The dispute arose in 2011 when Camelbags took Mr Moyo to court seeking to recover US$180 000 the company claimed to have lent Yellowcorn Trading, a company he co-owned with Innscor.

In case number HC 5620/11, Innscor's associate company got a default judgment and proceeded to attach Mr Moyo's property worth US$81 838.

However, Mr Moyo went on to successfully appeal against the default judgment thereby setting aside the earlier ruling.

However, despite the latest court order, Camelbags proceeded to attach and sell Mr Moyo's property leading to the latest court battle.

In successfully fighting for the rescission, Mr Moyo stated that on January 25 2010, he, on behalf of Yellowcorn Trading, signed an acknowledgement of debt note in the presence of his then fellow director, Mr Christophides, who assured him he would be forwarded the US$180 000 from Innscor Africa.

However, his company was never given that money by either Innscor or Mr Christophides.

He received a letter of demand from Camelbags based on his signed acknowledgement of debt note.

In his application, Mr Moyo accused Mr Christophides of making him sign the acknowledgement of debt note knowing fully well that there was no arrangement for Yellowcorn to receive money from Innscor.

Through his lawyers, Matsikidze and Mucheche, Mr Moyo challenged Camelbags and the Innscor director to show proof that his company received the US$180 000 they claim to have advanced.

The businessman argues that the attachment of his property using the claim that he borrowed US$180 000 was fraudulent.

"The plaintiff suffered damages of the value of US$81 838.00 with regard to the movable property sold regardless of the rescission of default judgment being granted," argues Mr Moyo in his court papers.

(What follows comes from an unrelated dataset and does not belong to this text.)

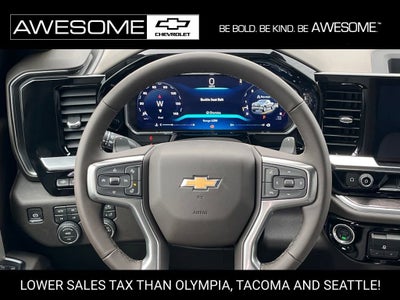 2026 Chevrolet Silverado 1500 LTZ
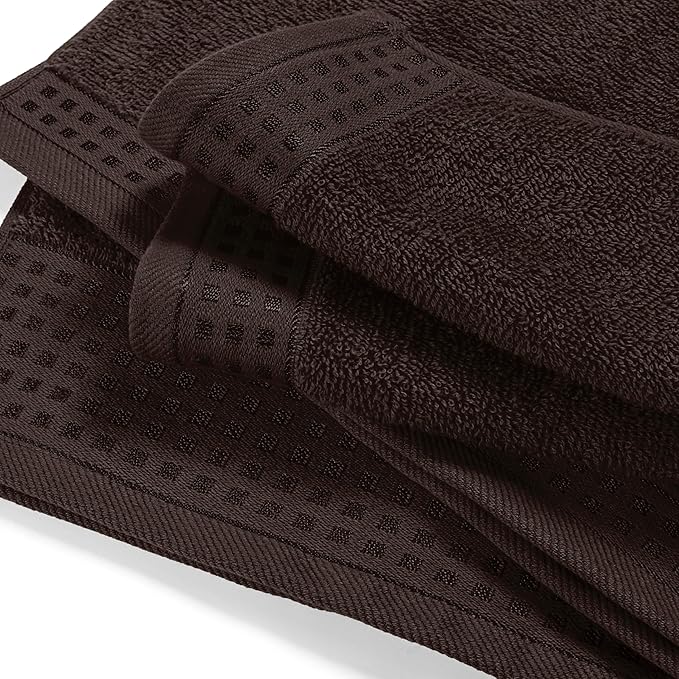GLAMBURG Ultra Soft 4 Pack Oversized Bath Towel Set 27x54 inches, 100% Cotton - Image 2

He further argues that the attachment of his property negatively impacted on the operations of Yellowcorn Trading and resulted in him suffering loss of earnings totalling over US$1 million.

"The plaintiff also suffered damages in loss of earning amounting to US$1 074 815.

"The plaintiff also suffered damages of US$68 000 being bank interest and US$180 000 being damages to pain, suffering and defamation and interest calculated on the actuarary factoring rate," reads part of the businessman's plaintiff declaration.

Through their lawyers, Mujeyi Manokore Attorneys, Camelbags maintain Mr Moyo's claim is invalid.

"Plaintiffs sue on the basis of a lawful sale in execution set aside but do not plead either negligence or fraud on the part of the Defendants and can for that reason have no cause of action against the Defendants.

"No particulars of either fraud or negligence have been pleaded or are relied upon by Plaintiffs, which renders claim invalid.

"The Plaintiffs' declaration is vague, embarrassing and argumentative in a manner which renders it incurable. It clearly does not disclose any cause of action against Defendants."